Sometimes it helps to feel your way through a scene like this before you storyboard it. Most of this was in the script (probably not the multiple SD Starfires), but I can't find a copy of the script around, so take my word for it for now. I still wonder if the gag would have played better with a full-sized Starfire standing on Robin's head. Also, it looks like I forgot to include the drawing of Robin with an X in place of his eyes. Oh well. Another X gag lost to the pressures of deadlines. Remember kids, haste makes waste. I think we hid enough Xs in the show as it is.

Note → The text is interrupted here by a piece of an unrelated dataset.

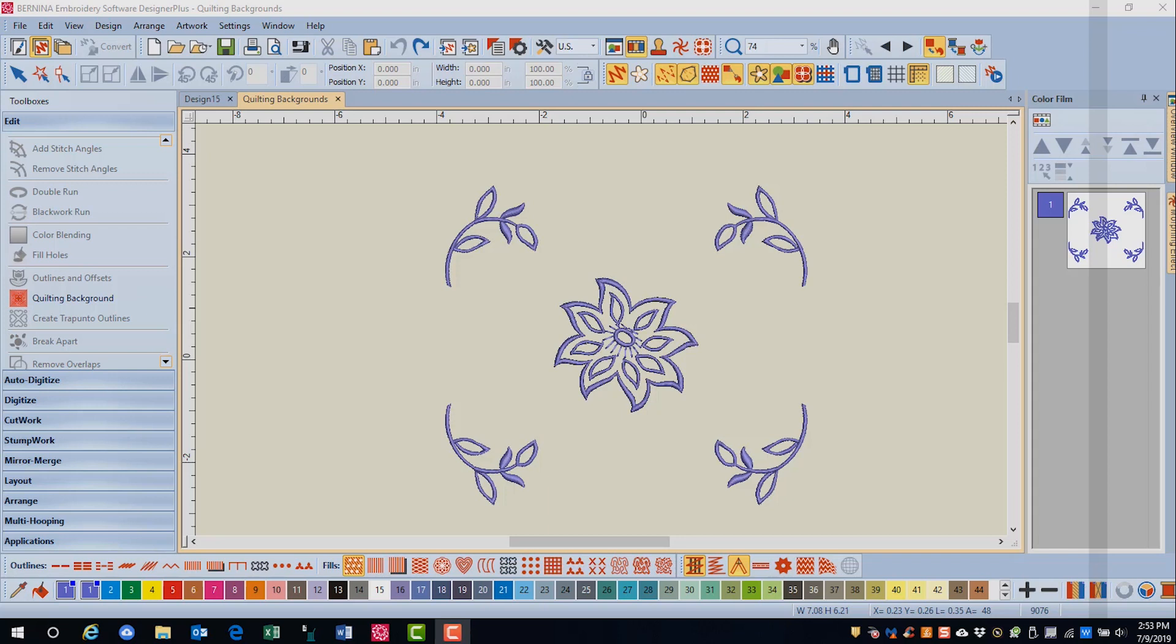Another alternative to adding offset outlines around designs is to use quilting backgrounds. You can use this feature to create five different types of quilting designs.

In any case, that becomes this -
















And then we make this (this is my only character design for Titans)-



Then Derrick takes a pass to make it actually look like the rest of the show, Chris Hooten colours it, and we get this-



And then Tom McLaughlin adds the timing, and it gets sent overseas, where Lotto subjects it to their mysterious and wonderful processes. Then they send this back to us-



Then Joe Gall plugs that into his avid and turns it into this (I don't know why this is the only version I have in widescreen)-



The next step is very mysterious to me, since I'm not involved in any way. Someone writes some music, someone else adds some sound effects, Scott redubs a line or two of dialogue, and they all get mixed together to make this -



I guess I kind of lost track of the point in there somewhere.

Monday, January 23, 2006

So much for Plan A

I was planning to update this weekly at first, and then gradually drop off to semi-annual posts, but I forgot that Brianne Drouhard's magic internet ninja skills would alert her to my blog the instant I made it (her blog is linked in my sidebar). I also neglected to anticipate that she would then set up a link, drawing people here when all there is to see is one page of messed-up Cyborg heads. So here's another post, and I'll post, say, every other day for a while, dropping to twice a week, then weekly, and eventually forgetting my password and drifting away, as originally planned.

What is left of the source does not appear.